At the time of these raids, we heard not a single protest from the “Tea Party” groups that are now loudly protesting their own victimization at the hands of the government: the leftists targeted by the FBI were just another group of “terrorists,” left to fight against their targeting and prosecution largely alone. Now that conservatives have been put in the crosshairs in a similar manner, however – singled out by a government agency for “special treatment” on account of their politics – their sympathizers in Congress are making a big stink about it and the headlines are alight with their outrage.
The Tea Partiers’ problem is that their protests come far too late – because the legal and political precedents targeting dissident groups were established long ago, with the full complicity and even enthusiastic support of most of those who call themselves “conservatives” these days. The “Patriot” Act – passed with conservative support – gives the government the “right” to not only spy on such groups, it also gives them the means to spy on anyone, for any reason, as well as the prosecutorial “tools” to put them away forever. Law enforcement agencies have set up “fusion centers” in order to collect information on American citizens who might be considered a “threat.” A recent report on “right-wing extremism” issued by the Department of Homeland Security” listed groups local law enforcement should keep tabs on, including members of the Libertarian and Constitution parties, as well as Ron Paul supporters. Efforts by the FBI and local police to infiltrate and set up members of the “Occupy” movement have been widespread.

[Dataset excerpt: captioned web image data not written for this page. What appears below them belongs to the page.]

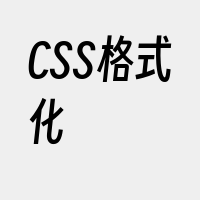 CSS格式化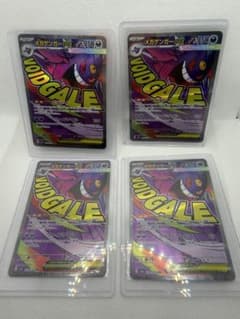 j50 【4枚セット】メガゲンガーex MA 230/193 ポケカ まとめ売り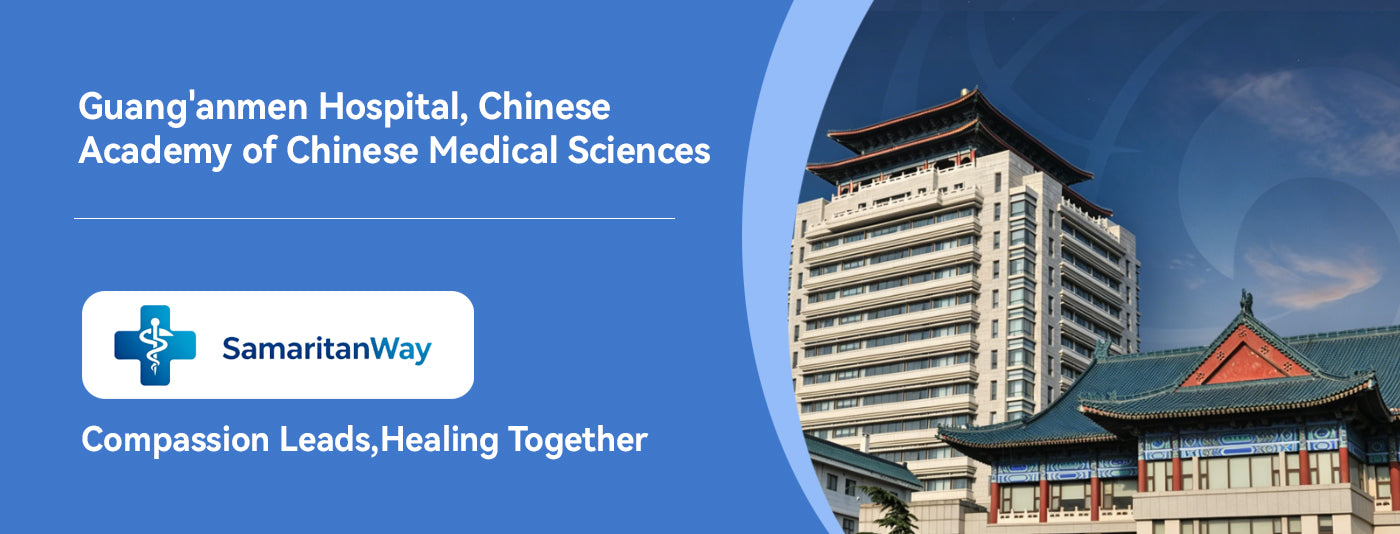 Guang'anmen Hospital, China Academy of Chinese Medical Sciences detail image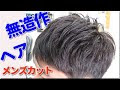 200以上 くせ毛 高校生 髪型 メンズ ワックス なし 790061-メンズ 髪型 高校生 ワッ���スなし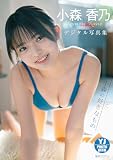 【デジタル限定 YJ PHOTO BOOK】小森香乃写真集「小森の好きなもの」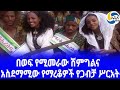 ethiopia ባህል አስደማሚው የማረቆዎች የጋብቻ ሥርአት ethiopian wedding አዲስ አበባ mareko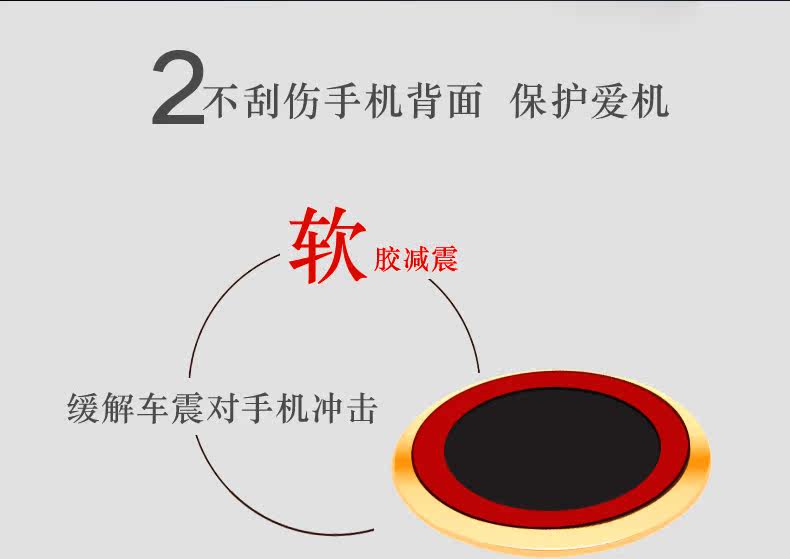 Support téléphone portable - Ref 1361893 Image 14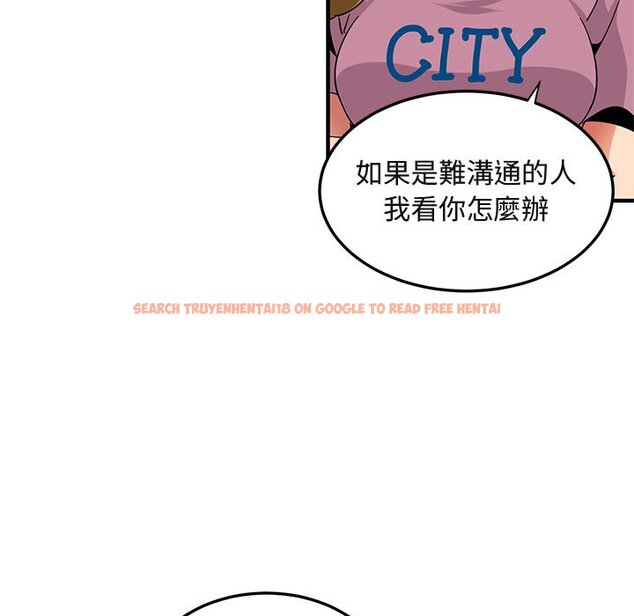 查看漫画保鑣真難當！/闖入我們家的h先生 - 第50話 - tymanga.com中的1555788图片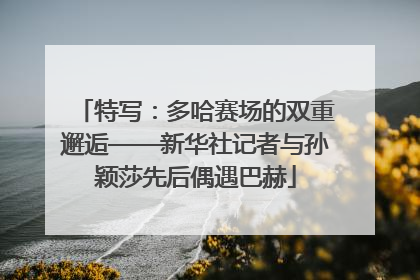 特写：多哈赛场的双重邂逅——新华社记者与孙颖莎先后偶遇巴赫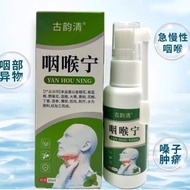 Ancient Rhyme Qing Dynasty Throat Ning * Throat Spray Sputum Dry Itchy Throat Soothing T#现货古韵清咽喉宁** 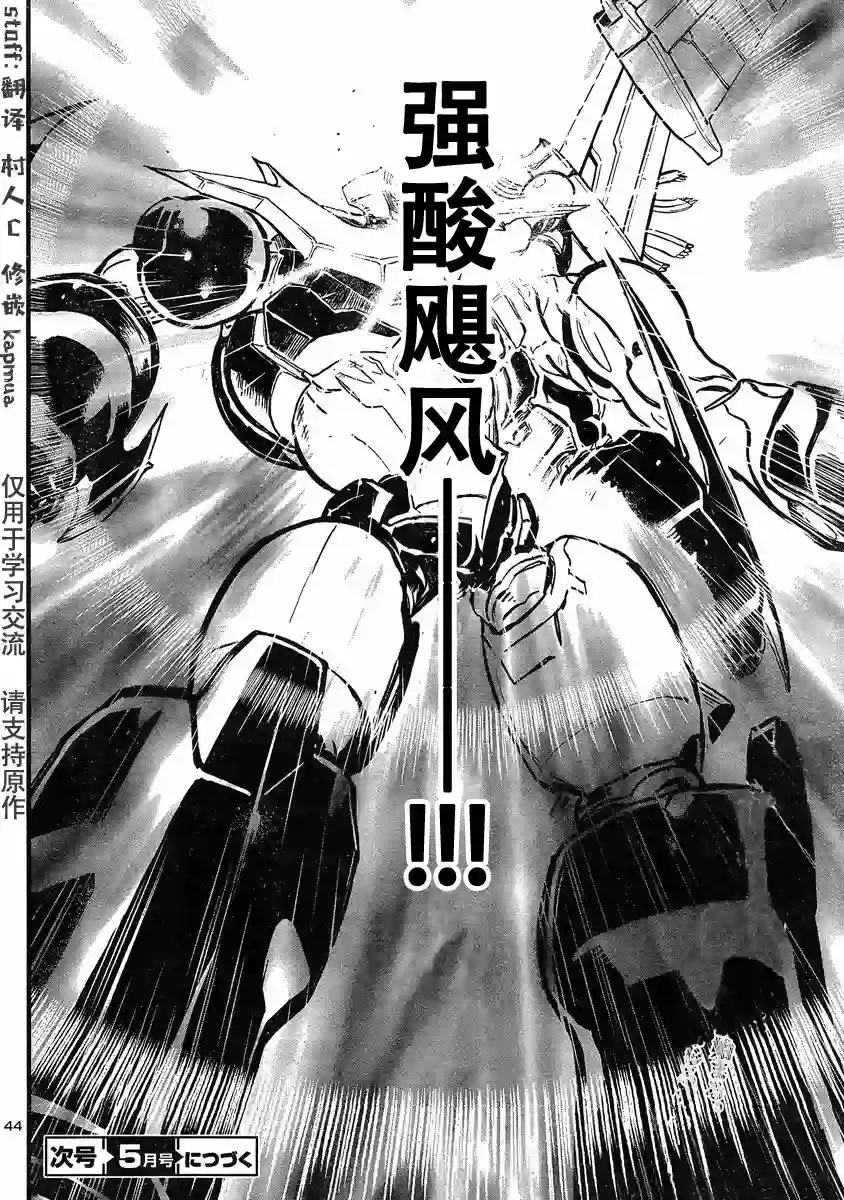真魔神ZERO VS 暗黑大将军第15话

Perhaps the Tea Partiers are unfamiliar with the long history of government repression of marginalized ideological groupings: during the 1960s, the FBI’s “Cointelpro” program targeted left-wing and black nationalist groups, sending in infiltrators, organizing disruption, and setting up prominent activists for “legal” repression.
As long as the subjects of official repression were almost exclusively confined to the left side of the political spectrum – theBlack Panthers, the Communists, etc. – the Tea Party types could not have cared less. After all, these are “anti-American” extremists and the Tea Partiers were happy to join in with the general cry of “Off with their heads!” Now that the shoe is on the other foot, however, they are screaming bloody murder.
The same sort of hypocrisy occurs on what passes for the “left” these days. The response of liberal pundits to the revelation that the IRS has been targeting conservative groups for “special” treatment has brought out their authoritarian streak: these groupsshould be subject to special scrutiny, says Los Angeles Times columnist Michael Hiltzick, because they’re engaged in “chicanery.” Go and read the comments to this article in the Huffington Post about the IRS scandal: they’re all cheering on the IRS! Imagine if this had happened during the Bush II era, and the IRS was caught targeting liberal groups – we’d never hear the end of it from the Huffpo types and the liberal media.